Key Takeaways:
- Nanya plans T$200 billion ($6.2 billion) in 2027 capex, quadrupling this year's spend
- Q2 revenue surged 684% to T$82.55 billion on AI-driven memory demand
- New plant investment will total T$480 billion at full production capacity
Key Takeaways:

Taiwanese memory chipmaker Nanya Technology plans to quadruple capital spending to T$200 billion ($6.2 billion) in 2027, riding an AI boom that has pushed its gross margin from negative to nearly 80%.
"The structural changes driven by artificial intelligence are supporting a stronger long-term outlook for the memory industry," President Pei-Ing Lee told an online press briefing, adding that the current supply shortage is expected to persist for several more quarters.
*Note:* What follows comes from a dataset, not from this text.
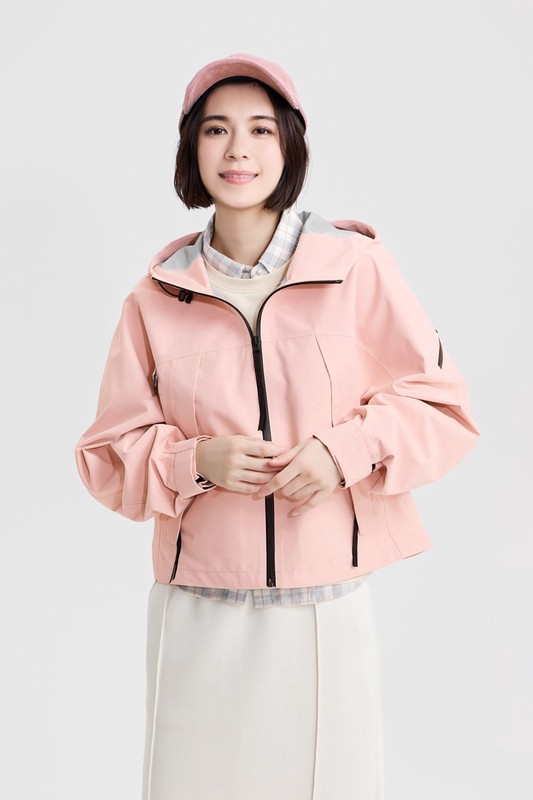 防水機能撞色寬版外套-女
Nanya reported unaudited second-quarter revenue of T$82.55 billion, up 684% from a year earlier, while net income surged 1,324% to T$50.19 billion. Gross margin improved to 79.5% from negative 20.6% a year ago. The company expects to spend more than T$50 billion this year, with total investment in the new plant reaching about T$480 billion at full capacity.
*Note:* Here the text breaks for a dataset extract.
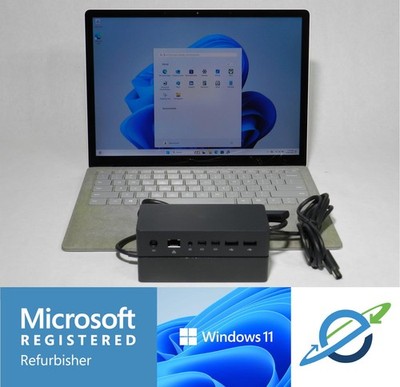 MICROSOFT SURFACE LAPTOP 2 | i5-8350U | 128GB SSD | 8GB | BH: 88% | w/ Dock 1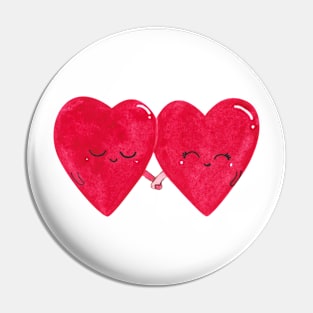 Two hearts lovers Pin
The expansion underscores the massive capital intensity required in the AI chip supply chain, where memory makers are racing to secure capacity. Nanya's customers include Nvidia, Qualcomm and Google — three of the biggest beneficiaries of the AI infrastructure buildout. Rivals Samsung Electronics and SK Hynix are also ramping up investment, with South Korea last week unveiling a $576 billion chip investment program anchored by the two companies.
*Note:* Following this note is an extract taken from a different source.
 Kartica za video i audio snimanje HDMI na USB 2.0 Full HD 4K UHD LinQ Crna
Memory Makers in a Spending Race
The first phase of Nanya's new plant is scheduled to reach capacity of 30,000 wafers per month in 2028, eventually expanding to 45,000 wafers per month. The company's market value stands at about $47 billion, reflecting investor confidence in the AI-driven memory super-cycle.
Global memory makers are locked in a capital-intensive arms race to meet surging demand for high-bandwidth memory (HBM) chips — the specialized processors that handle the massive data throughput required by AI training and inference systems. SK Hynix, the dominant supplier of HBM to Nvidia, this week launched a $28 billion US share sale to fund chip factories in South Korea and purchase chipmaking equipment including extreme ultraviolet scanners from Dutch supplier ASML.
Samsung, the world's largest memory chipmaker by sales, last week projected a 19-fold increase in quarterly operating profit to 89.4 trillion won ($59 billion), though its shares fell as investors questioned whether the cycle has peaked. The volatility has been extreme: the Roundhill Memory ETF, which tracks DRAM manufacturers including Nanya, Samsung and SK Hynix, swung from above $80 to below $60 in recent weeks.
Investment Implications
Nanya's spending plans signal confidence that the memory shortage will extend well beyond the current cycle. The company's Q2 gross margin of 79.5 percent — a dramatic swing from negative territory a year ago — illustrates how pricing power has shifted to suppliers as hyperscalers compete for limited chip supply. Apple's recent price increases across many devices, attributed to higher memory costs, suggest the pricing environment will remain favorable for producers.
Nanya trades at roughly 20 times trailing earnings, a discount to US rival Micron Technology, which has seen its shares surge more than 1,500 percent over the past three years. Micron's data center segment alone now has an annual revenue run rate of $100 billion, according to management. The valuation gap between Asian and US memory makers may narrow as global investors gain easier access to Korean and Taiwanese chip stocks through new listings and ADR programs.
This article is for informational purposes only and does not constitute investment advice.